July 14, 2013 by Robert Franklin, Esq.,

The domestic violence industry has its story and it’s stickin’ to it.  This, or course, is no surprise.  For decades, those feeding at the deep DV trough that’s periodically filled and refilled by federal and state agencies and private foundations have had one story to tell about domestic violence – that victims are invariably women and perpetrators are invariably men.  Now, it’s true that after 40 + years of telling that particular fib, they’ve grudgingly come to admit that, oh, maybe five percent of victims are male.

But year after year, their story remains the same despite an ever-growing body of scientific evidence that for decades has contradicted virtually everything the DV industry claims.  The more science there is on the subject, the more doggedly the DV industry clings to its patently false claims and, of course, it’s funding.

So this article comes as no surprise (Journal Star, 7/11/13).  Just last week, the Journal Star ran a piece by two attorneys reporting on the important Partner Abuse State of Knowledge Project that I’ve written about twice.  To Nebraskans reading the Journal Star, those attorneys brought the information contained in PASK, the single most broadly-based, authoritative work on domestic violence ever.  Good for them.

But, I suppose as an effort to provide “balance” to the topic, the Journal Star has now run the linked-to op-ed by Lynne Lange, executive director of the Nebraska Domestic Violence Sexual Assault Coalition.  It’s kind of like giving equal time to “creation scientists” to “balance” the ideas of those who teach evolution.  Face it, the ideas of those who ignore the truth in order to keep their place at the trough are not the moral equivalents of non-gender ideologues doing scrupulous scientific work in the field of domestic violence.

We know Lange’s making stuff up from the outset.  Here’s her second paragraph, referring to PASK:

While the study did represent sizable research, it unfortunately failed to factor in the type of violence that was considered for the study, and it highlighted misleading information with regard to the actual act of domestic violence.

Lange either hasn’t read the PASK summary or she’s deliberately misrepresenting it.  First, PASK is not a study, as anyone who’s read the first page of the executive summary would know.  Lange’s claim that it is a study turns out to be far more than a simple “slip of the tongue.”  Actually it’s carefully calculated to make the reader believe PASK has less intellectual heft than it does.

By falsely telling readers that PASK is a “study,” Lange allows herself to pretend and, she hopes, readers to believe that PASK researchers ignored DV as a “pattern of control” of one’s partner.
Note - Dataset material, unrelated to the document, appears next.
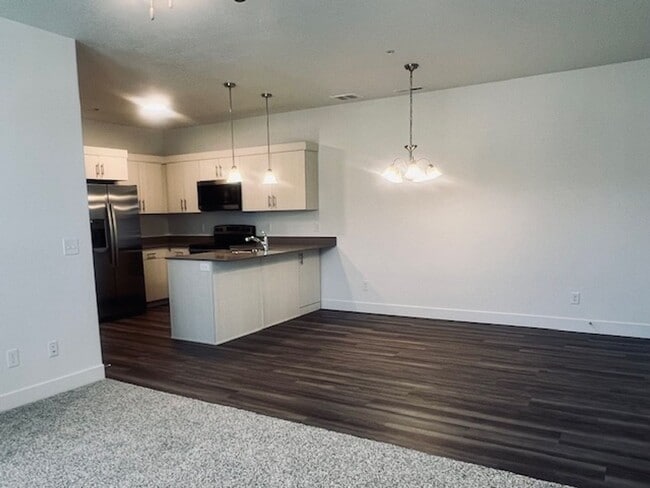 Photo - Brand-new Condo Conveniently Located in Ri...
While the study did represent sizable research, it unfortunately failed to factor in the type of violence that was considered for the study, and it highlighted misleading information with regard to the actual act of domestic violence.

But of course PASK does all of those things and much, much more.  Has Lange not read PASK, or is she willfully misrepresenting its contents?  Whichever it is, her methods are what we’ve come to expect of the DV industry – an unbroken line of intellectual dishonesty reaching back to the early 70s.

PASK isn’t a study, it’s a meta-analysis of some 12,000 peer-reviewed studies of domestic violence since 1990.  Once you know that, Lange’s misrepresentations of it become obvious.  What are the chances that, out of those 12,000 studies, a fair number of them considered every single thing Lange claims PASK ignores?  That’s right, of course PASK deals with the aspect of DV that involves control of an intimate partner.  Of course it deals with reactive violence, self-defense and the like.  It deals with those topics and countless others in astonishing breadth and depth, but because Lange doesn’t like its findings, she misrepresents what PASK is and what its conclusions are.

In fact, PASK researchers included over 200 peer-reviewed studies in their analysis of power and control factors in domestic violence cases.  They found “40% of women and 32% of men reporting expressive aggression (i.e. verbal abuse or emotional violence in response to some agitating or aggravating circumstance) and 41% of women and 43% of men reporting some form of coercive control.”  Lange doesn’t want to admit the truth, so she ignores it.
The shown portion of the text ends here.